■ EXERCISE PROMPT:
Nothing but the lines from the top of the records through the line with "5TDYZRFH9KS318550 2019 TOYOTA" should be returned, exactly, and without pictures.

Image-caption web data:
>>>>

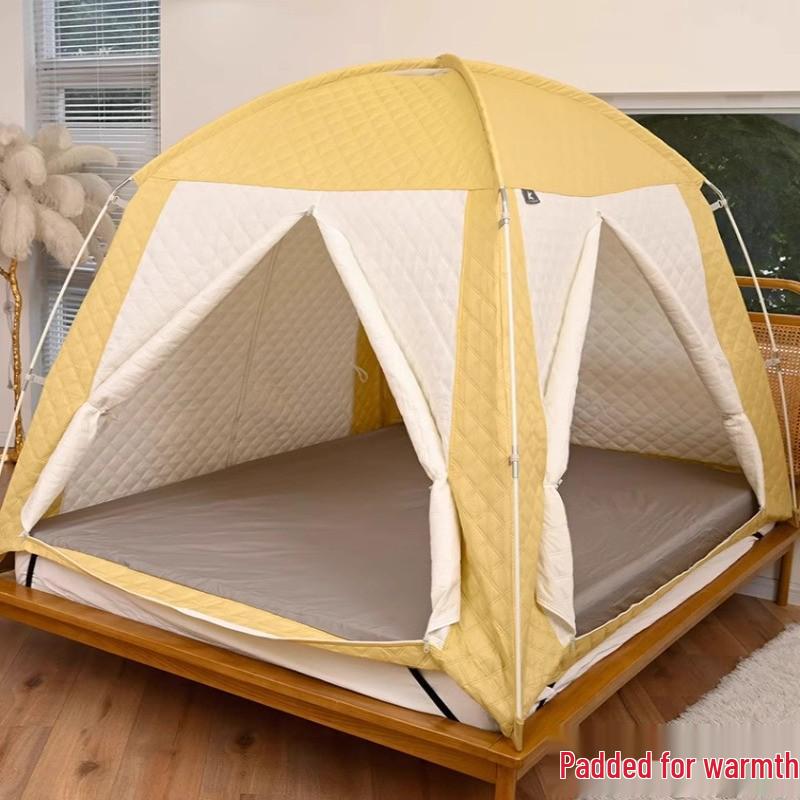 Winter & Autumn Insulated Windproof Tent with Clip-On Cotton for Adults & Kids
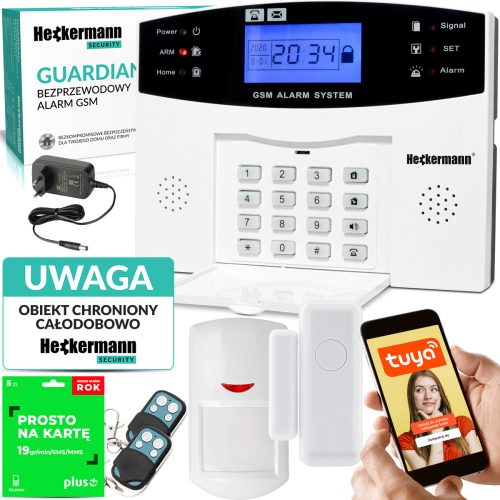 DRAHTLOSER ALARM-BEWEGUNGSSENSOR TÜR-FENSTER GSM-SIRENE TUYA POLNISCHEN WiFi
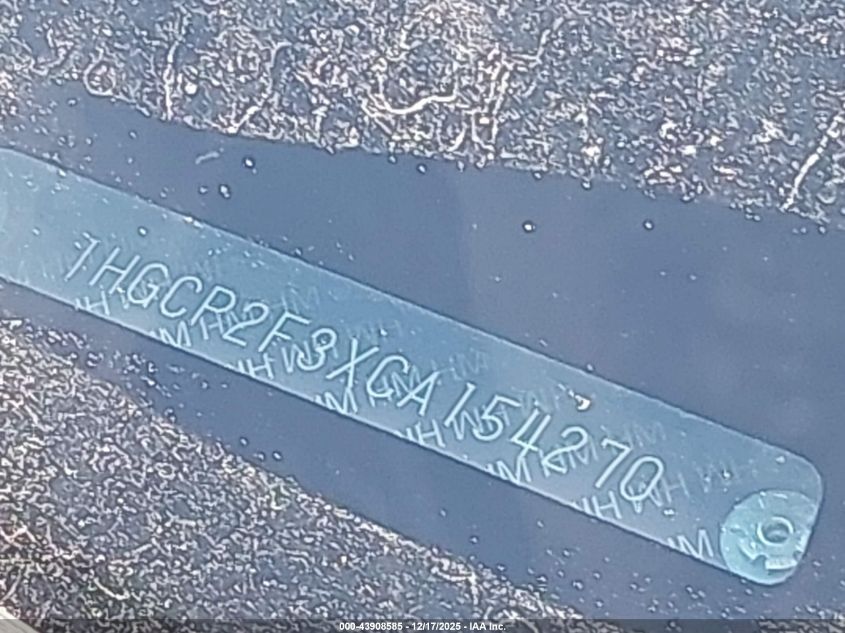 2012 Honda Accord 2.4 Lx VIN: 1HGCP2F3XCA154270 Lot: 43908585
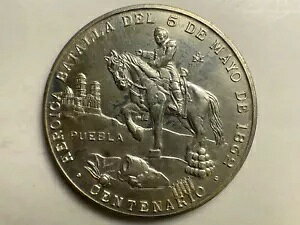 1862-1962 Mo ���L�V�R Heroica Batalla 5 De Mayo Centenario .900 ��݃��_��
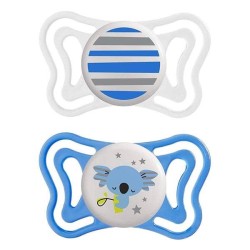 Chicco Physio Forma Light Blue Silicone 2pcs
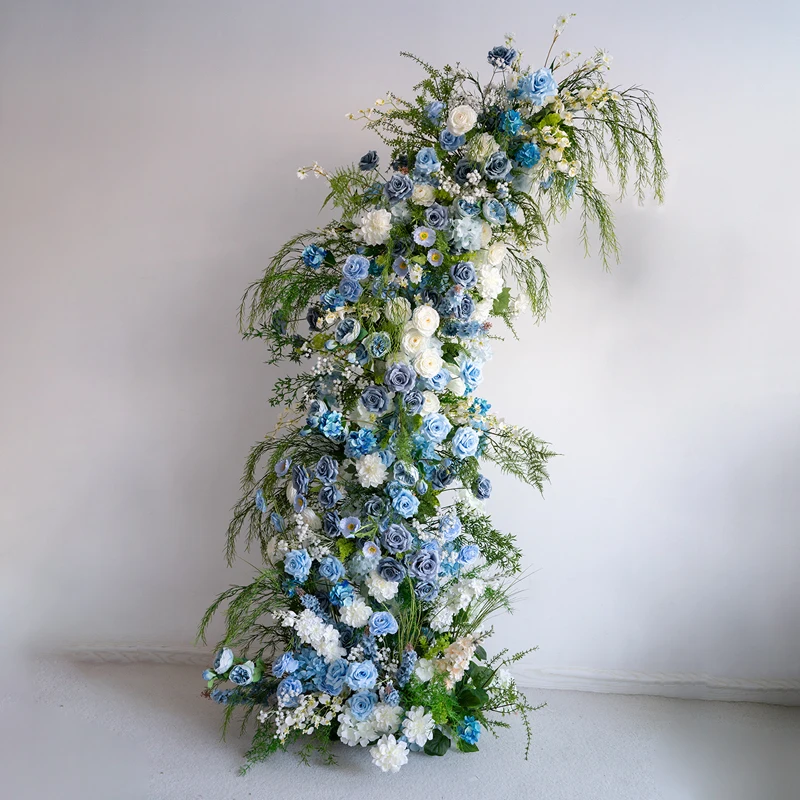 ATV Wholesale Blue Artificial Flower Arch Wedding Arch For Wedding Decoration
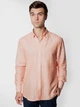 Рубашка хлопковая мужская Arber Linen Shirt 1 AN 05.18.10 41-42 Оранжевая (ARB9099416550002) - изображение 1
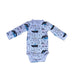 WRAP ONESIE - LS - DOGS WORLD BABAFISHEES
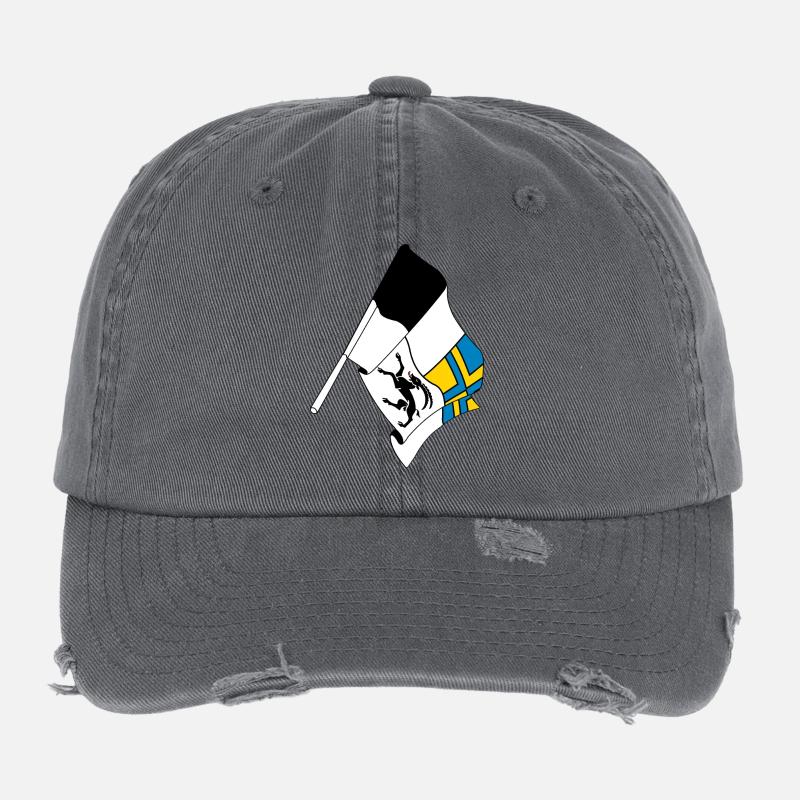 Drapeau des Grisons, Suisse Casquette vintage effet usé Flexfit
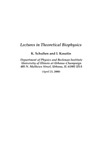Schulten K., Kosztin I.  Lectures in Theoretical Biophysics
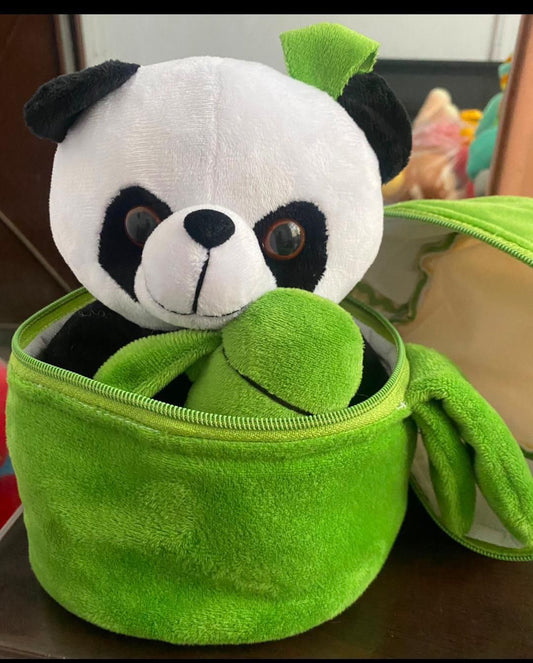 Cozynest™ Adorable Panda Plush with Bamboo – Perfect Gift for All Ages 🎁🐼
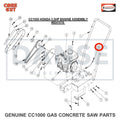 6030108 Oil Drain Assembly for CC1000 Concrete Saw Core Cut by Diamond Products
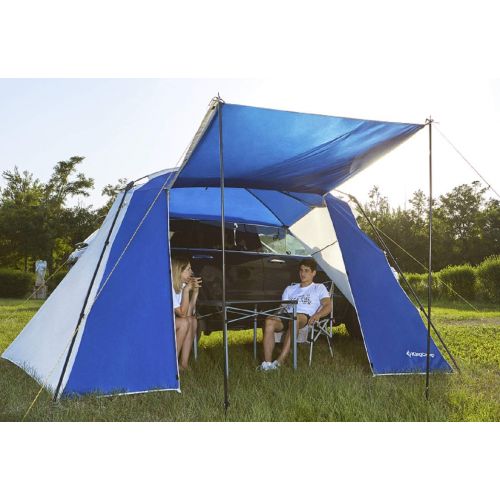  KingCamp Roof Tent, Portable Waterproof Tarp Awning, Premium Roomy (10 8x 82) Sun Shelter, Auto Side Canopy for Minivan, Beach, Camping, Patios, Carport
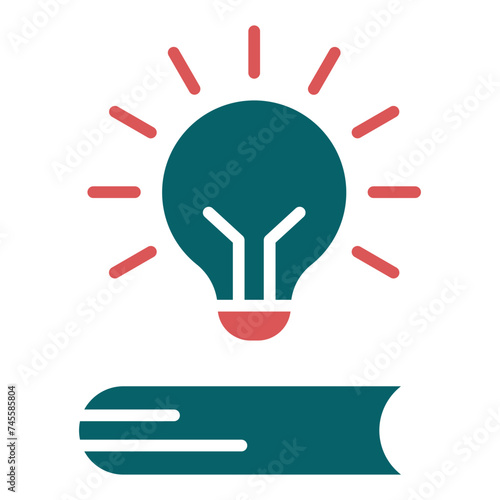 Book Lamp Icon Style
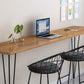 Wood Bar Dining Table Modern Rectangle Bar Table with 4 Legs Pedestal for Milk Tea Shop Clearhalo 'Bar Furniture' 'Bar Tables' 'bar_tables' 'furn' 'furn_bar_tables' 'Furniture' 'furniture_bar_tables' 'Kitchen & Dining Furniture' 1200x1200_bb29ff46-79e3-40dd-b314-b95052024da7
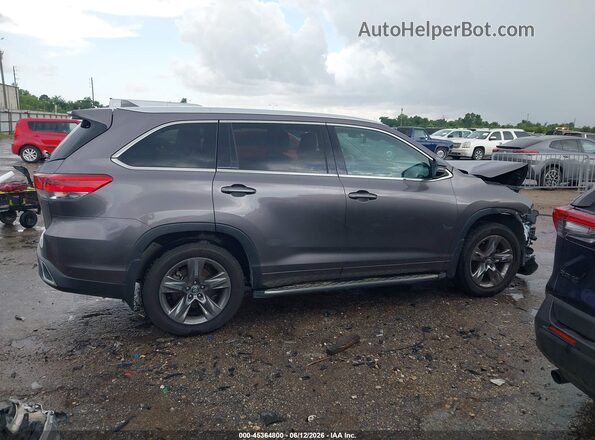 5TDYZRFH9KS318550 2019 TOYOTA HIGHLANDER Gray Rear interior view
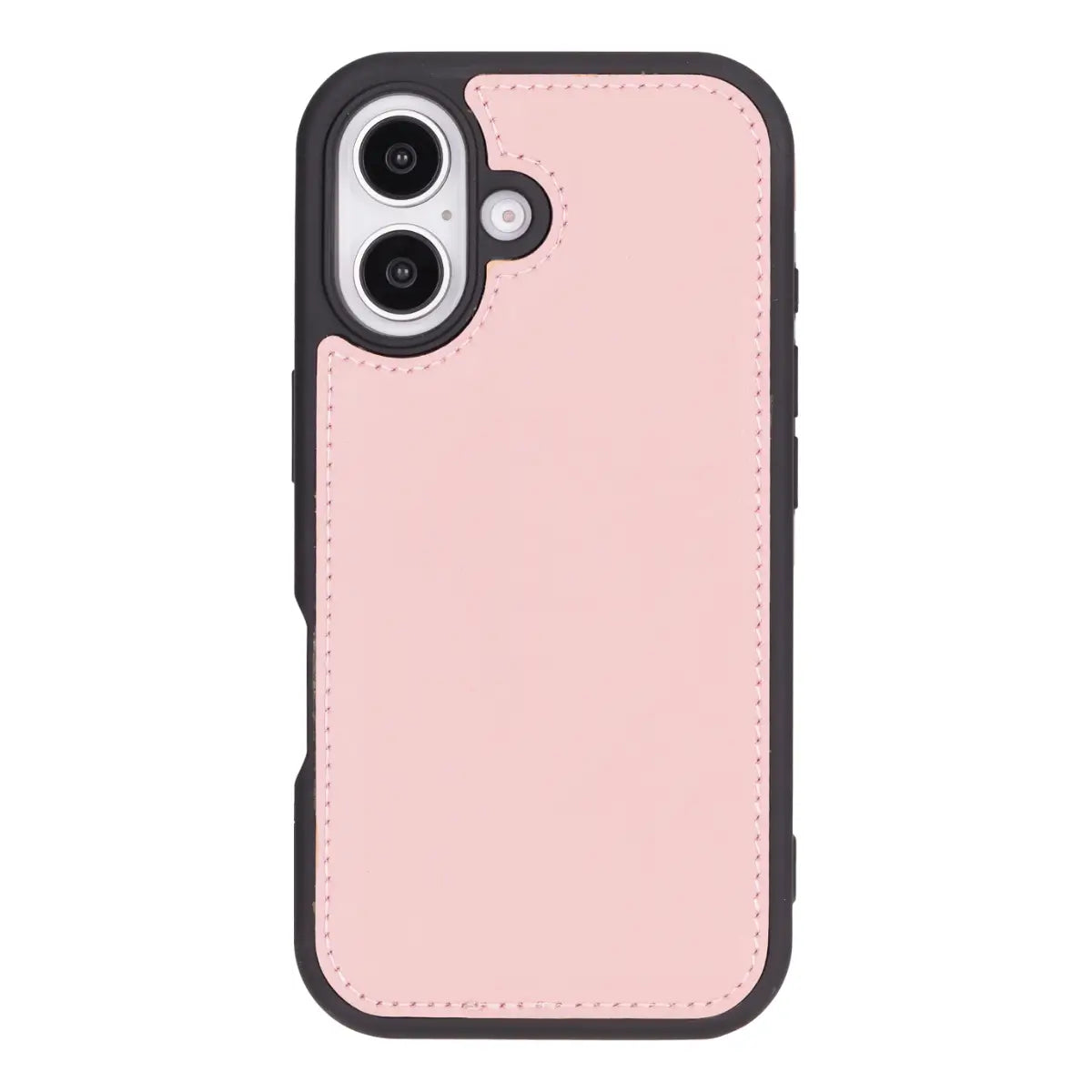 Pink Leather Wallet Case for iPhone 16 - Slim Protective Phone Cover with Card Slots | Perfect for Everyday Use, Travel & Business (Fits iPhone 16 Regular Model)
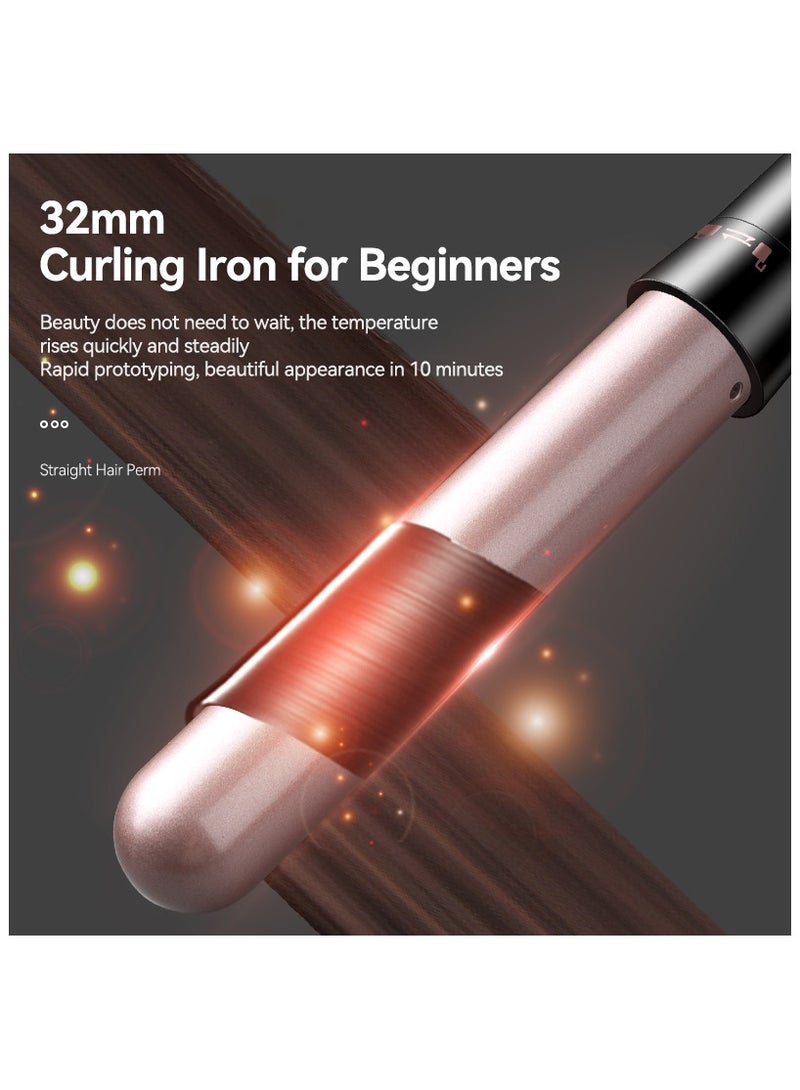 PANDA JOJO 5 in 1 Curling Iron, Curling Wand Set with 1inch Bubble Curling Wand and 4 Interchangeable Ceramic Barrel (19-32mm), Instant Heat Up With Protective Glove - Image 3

<<<<

■ ANSWER TO THIS EXERCISE:
 Winter & Autumn Insulated Windproof Tent with Clip-On Cotton for Adults & Kids
 DRAHTLOSER ALARM-BEWEGUNGSSENSOR TÜR-FENSTER GSM-SIRENE TUYA POLNISCHEN WiFi
 2012 Honda Accord 2.4 Lx VIN: 1HGCP2F3XCA154270 Lot: 43908585
 1862-1962 Mo ���L�V�R Heroica Batalla 5 De Mayo Centenario .900 ��݃��_��
 Chicco Physio Forma Light Blue Silicone 2pcs
 ATV Wholesale Blue Artificial Flower Arch Wedding Arch For Wedding Decoration
 Рубашка хлопковая мужская Arber Linen Shirt 1 AN 05.18.10 41-42 Оранжевая (ARB9099416550002) - изображение 1
 WRAP ONESIE - LS - DOGS WORLD BABAFISHEES
 Drapeau des Grisons, Suisse Casquette vintage effet usé Flexfit
Schulten K., Kosztin I.  Lectures in Theoretical Biophysics
 Cozynest™ Adorable Panda Plush with Bamboo – Perfect Gift for All Ages 🎁🐼
 6030108 Oil Drain Assembly for CC1000 Concrete Saw Core Cut by Diamond Products
  KingCamp Roof Tent, Portable Waterproof Tarp Awning, Premium Roomy (10 8x 82) Sun Shelter, Auto Side Canopy for Minivan, Beach, Camping, Patios, Carport
 Book Lamp Icon Style
 Wood Bar Dining Table Modern Rectangle Bar Table with 4 Legs Pedestal for Milk Tea Shop Clearhalo 'Bar Furniture' 'Bar Tables' 'bar_tables' 'furn' 'furn_bar_tables' 'Furniture' 'furniture_bar_tables' 'Kitchen & Dining Furniture' 1200x1200_bb29ff46-79e3-40dd-b314-b95052024da7
 5TDYZRFH9KS318550 2019 TOYOTA HIGHLANDER Gray Rear interior view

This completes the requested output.